Climate change, unequal trade, “bio-piracy”, exports of toxic wastes and other factors had, he said, created an imbalance between rich and poor nations and amounted to no less than “a kind of war against people around the world, a kind of aggression”.

“There are different ecological debts,” he said. “The least we could do is to stop these ecological debts from growing.”

Dr Ofelia Ortega, of Cuba and the WCC president from Latin America said the Bible was “an ecological treatise” from beginning to end. She pointed in particular to the “ecological laws” set out in Genesis, Leviticus, Numbers and Deuteronomy and their emphasis on caring for God’s creation and the fair distribution of natural resources.

“Our pastoral work must be radically ecological, which entails being aware not only of its consequences but also of the deep causes of the destruction of life in general and of the struggle for restoring God’s communion and ‘shalom’ for humankind,” she said.
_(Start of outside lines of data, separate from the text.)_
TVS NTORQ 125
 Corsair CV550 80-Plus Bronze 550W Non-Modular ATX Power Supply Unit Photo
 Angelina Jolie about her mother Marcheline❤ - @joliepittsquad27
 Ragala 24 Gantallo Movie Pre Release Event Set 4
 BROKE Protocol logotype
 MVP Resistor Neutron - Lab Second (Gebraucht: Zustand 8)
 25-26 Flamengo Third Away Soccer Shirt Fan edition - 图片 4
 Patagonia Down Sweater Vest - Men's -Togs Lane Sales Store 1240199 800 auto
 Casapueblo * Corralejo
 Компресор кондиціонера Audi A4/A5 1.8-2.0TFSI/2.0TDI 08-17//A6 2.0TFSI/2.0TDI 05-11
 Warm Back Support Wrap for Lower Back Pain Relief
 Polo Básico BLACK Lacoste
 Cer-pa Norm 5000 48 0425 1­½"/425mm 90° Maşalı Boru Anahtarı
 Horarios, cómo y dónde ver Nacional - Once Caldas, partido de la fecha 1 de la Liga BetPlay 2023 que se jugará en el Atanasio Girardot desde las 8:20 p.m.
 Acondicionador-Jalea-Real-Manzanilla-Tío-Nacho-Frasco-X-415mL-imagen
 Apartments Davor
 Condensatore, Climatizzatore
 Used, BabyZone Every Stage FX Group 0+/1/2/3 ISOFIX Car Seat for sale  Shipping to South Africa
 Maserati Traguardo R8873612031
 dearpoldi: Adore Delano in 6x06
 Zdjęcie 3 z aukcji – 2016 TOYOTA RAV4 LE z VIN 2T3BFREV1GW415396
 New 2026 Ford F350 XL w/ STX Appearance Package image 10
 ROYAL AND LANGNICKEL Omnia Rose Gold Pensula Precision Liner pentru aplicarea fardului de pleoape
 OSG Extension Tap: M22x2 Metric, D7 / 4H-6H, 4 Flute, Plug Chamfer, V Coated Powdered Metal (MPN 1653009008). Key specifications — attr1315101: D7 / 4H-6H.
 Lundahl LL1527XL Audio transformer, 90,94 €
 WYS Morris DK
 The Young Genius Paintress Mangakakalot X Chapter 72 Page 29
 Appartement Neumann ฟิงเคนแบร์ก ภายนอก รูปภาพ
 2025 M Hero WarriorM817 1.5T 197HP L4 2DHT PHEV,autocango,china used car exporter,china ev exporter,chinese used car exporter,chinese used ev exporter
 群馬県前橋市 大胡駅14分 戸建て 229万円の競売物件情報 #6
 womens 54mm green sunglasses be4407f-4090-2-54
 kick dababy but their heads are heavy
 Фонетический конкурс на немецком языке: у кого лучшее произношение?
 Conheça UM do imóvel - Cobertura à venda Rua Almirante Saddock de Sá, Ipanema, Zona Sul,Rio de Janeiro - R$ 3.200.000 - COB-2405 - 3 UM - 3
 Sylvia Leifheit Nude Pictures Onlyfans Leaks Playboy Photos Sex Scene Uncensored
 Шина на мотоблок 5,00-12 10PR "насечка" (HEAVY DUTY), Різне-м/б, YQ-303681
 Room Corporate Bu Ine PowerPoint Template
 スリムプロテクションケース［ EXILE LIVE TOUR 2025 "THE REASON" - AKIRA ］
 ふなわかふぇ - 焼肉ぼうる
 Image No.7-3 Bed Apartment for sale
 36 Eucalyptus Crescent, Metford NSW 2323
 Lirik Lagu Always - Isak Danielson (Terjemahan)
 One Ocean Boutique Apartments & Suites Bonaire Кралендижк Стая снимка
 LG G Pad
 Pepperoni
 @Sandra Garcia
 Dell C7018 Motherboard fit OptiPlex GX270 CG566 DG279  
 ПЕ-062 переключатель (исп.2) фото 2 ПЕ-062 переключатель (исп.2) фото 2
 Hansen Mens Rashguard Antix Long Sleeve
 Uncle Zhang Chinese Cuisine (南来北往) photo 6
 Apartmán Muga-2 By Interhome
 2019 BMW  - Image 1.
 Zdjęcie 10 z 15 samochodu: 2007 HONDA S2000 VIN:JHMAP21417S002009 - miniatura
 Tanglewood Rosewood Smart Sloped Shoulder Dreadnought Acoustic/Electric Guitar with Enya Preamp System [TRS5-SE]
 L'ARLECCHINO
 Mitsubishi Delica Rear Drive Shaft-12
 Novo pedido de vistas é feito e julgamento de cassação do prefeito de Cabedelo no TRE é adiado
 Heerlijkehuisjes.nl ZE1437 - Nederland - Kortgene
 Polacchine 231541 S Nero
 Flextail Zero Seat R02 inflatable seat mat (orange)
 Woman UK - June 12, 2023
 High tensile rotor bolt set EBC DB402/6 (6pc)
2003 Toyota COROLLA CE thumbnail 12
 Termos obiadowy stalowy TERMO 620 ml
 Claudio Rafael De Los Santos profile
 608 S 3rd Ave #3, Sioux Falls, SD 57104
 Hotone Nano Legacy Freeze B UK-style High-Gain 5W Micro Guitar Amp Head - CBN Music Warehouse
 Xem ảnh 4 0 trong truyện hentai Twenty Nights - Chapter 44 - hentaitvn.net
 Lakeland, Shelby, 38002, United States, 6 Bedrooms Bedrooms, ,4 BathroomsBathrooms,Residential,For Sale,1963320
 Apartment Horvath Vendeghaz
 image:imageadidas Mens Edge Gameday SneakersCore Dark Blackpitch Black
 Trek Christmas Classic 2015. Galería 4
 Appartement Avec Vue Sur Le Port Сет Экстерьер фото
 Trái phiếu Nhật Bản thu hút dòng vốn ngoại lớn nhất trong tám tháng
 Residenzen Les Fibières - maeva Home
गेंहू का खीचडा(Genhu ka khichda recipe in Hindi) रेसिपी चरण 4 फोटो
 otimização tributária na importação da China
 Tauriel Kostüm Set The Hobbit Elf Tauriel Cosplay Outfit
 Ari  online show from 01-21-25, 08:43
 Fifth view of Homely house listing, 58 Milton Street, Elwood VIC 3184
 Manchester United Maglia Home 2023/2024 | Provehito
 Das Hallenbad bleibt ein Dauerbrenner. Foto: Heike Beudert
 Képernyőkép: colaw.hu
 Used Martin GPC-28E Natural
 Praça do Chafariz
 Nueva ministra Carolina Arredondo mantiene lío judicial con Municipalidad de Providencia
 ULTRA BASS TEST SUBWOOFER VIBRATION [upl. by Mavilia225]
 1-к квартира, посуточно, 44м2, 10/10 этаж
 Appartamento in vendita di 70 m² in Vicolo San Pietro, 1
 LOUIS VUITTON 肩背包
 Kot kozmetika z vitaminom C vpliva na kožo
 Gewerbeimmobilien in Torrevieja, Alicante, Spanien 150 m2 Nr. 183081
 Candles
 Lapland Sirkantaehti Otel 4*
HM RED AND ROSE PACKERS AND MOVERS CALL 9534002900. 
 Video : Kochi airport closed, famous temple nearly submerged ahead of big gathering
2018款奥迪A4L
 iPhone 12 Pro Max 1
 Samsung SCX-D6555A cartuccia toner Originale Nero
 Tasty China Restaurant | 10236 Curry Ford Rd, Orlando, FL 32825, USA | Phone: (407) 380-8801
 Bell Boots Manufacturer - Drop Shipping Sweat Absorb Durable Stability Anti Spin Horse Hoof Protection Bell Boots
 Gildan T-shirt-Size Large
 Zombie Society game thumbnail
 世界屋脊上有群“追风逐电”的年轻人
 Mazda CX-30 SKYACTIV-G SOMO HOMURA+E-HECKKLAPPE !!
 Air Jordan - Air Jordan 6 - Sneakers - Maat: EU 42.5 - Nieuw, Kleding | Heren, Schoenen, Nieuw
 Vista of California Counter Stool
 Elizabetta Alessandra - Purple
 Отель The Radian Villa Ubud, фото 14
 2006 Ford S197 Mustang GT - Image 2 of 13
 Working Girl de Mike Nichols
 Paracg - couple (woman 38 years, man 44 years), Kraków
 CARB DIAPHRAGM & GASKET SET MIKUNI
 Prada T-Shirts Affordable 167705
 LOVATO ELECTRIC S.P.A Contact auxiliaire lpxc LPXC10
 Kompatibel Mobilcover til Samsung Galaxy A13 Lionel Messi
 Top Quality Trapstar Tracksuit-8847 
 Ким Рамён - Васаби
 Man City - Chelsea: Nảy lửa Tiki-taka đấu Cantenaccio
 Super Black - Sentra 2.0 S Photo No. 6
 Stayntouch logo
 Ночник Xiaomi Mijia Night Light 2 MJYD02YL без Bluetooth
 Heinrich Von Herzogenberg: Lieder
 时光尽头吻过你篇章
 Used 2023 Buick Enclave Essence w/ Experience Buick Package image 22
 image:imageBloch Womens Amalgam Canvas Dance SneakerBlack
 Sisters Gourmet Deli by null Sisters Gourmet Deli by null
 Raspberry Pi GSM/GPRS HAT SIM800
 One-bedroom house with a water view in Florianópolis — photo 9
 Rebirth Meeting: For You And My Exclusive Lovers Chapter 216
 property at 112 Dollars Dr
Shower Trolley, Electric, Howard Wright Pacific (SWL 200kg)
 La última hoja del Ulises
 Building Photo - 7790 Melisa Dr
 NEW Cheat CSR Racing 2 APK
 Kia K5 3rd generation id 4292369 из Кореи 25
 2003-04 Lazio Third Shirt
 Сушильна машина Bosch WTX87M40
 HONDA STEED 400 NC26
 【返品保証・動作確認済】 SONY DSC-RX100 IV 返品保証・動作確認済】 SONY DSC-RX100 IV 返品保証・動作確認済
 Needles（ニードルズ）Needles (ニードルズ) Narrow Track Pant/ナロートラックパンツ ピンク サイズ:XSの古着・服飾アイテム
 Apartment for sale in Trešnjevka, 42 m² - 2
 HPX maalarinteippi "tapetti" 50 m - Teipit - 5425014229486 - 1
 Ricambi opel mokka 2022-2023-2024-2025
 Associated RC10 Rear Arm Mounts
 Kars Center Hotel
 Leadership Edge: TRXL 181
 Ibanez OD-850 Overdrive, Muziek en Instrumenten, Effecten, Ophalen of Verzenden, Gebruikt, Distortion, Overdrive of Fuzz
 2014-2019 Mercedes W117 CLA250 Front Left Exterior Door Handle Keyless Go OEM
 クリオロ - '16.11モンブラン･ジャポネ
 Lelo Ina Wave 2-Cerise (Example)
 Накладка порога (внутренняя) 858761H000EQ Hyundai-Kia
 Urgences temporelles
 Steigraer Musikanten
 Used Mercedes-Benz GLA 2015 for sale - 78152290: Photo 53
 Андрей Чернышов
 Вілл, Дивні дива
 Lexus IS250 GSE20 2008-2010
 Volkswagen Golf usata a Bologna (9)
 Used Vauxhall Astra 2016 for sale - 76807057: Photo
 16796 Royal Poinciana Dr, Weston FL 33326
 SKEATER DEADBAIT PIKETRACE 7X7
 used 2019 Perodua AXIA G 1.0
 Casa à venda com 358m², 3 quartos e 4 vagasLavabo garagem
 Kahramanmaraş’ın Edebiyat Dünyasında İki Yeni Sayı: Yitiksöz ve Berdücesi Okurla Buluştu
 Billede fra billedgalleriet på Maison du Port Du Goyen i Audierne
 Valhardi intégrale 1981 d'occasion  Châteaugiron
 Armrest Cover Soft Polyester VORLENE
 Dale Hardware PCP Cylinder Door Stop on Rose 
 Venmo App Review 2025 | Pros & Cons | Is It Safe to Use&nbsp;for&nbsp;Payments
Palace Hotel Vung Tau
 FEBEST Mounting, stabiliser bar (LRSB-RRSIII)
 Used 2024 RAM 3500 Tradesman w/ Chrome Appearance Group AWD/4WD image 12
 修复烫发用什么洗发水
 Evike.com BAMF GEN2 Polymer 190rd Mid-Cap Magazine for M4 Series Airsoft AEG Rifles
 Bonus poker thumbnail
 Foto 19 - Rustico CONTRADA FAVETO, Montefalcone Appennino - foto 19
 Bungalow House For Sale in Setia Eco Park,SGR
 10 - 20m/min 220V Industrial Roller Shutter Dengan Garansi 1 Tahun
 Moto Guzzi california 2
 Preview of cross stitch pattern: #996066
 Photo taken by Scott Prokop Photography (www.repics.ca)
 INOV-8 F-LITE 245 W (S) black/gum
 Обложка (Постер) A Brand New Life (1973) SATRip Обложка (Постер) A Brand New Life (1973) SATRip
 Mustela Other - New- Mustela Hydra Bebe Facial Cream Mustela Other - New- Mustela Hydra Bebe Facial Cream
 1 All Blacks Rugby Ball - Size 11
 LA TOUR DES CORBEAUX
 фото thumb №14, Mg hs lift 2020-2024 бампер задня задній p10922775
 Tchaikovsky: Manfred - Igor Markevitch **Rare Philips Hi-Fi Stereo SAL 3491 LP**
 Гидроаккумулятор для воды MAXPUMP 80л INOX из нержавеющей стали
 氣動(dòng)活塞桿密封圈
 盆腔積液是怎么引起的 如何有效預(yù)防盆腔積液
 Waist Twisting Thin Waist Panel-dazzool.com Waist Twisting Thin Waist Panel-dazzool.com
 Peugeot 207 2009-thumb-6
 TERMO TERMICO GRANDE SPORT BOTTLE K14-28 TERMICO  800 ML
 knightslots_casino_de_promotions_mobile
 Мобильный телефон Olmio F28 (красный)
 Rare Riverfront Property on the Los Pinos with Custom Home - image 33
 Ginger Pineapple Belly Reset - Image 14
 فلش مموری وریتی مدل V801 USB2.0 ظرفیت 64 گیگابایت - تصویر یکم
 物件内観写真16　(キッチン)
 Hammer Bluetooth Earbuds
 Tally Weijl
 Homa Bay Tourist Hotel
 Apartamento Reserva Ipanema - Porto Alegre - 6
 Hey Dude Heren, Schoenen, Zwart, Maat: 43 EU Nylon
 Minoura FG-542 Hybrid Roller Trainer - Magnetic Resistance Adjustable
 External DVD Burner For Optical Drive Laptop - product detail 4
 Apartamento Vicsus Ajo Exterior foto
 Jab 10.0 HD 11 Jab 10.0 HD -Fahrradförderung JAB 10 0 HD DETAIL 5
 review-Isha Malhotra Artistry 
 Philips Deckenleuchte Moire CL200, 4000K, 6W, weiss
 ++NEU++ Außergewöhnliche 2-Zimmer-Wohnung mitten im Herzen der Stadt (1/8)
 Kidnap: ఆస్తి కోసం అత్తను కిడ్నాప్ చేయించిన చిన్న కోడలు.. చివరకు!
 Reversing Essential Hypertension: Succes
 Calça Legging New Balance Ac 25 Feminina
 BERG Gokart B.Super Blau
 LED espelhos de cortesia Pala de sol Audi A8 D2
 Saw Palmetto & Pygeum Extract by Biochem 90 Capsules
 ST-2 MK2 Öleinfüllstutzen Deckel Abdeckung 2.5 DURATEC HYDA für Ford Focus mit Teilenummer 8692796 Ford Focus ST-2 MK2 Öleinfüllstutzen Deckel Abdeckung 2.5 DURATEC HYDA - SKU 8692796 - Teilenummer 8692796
“Ecology and the option for those impoverished cannot and should not be separated. The communion with the universe is starting from the relationship of justice among people and countries.”

In a heartfelt address, Dr Maria Sumire Conde from the Quecha community of Peru said that mining was having a “fatal” impact on her community.

Mining had, she said, driven people off the best land, polluted rivers and led to the prevalence of lead poisoning among the children.

“The large corporations and governments responsible carry a massive debt to the world to us indigenous peoples – ecological debt,” she said.

“We indigenous peoples propose that those responsible should take on the ecological debt and commit themselves to rectify the harm done over the years” to the earth and its people, she said.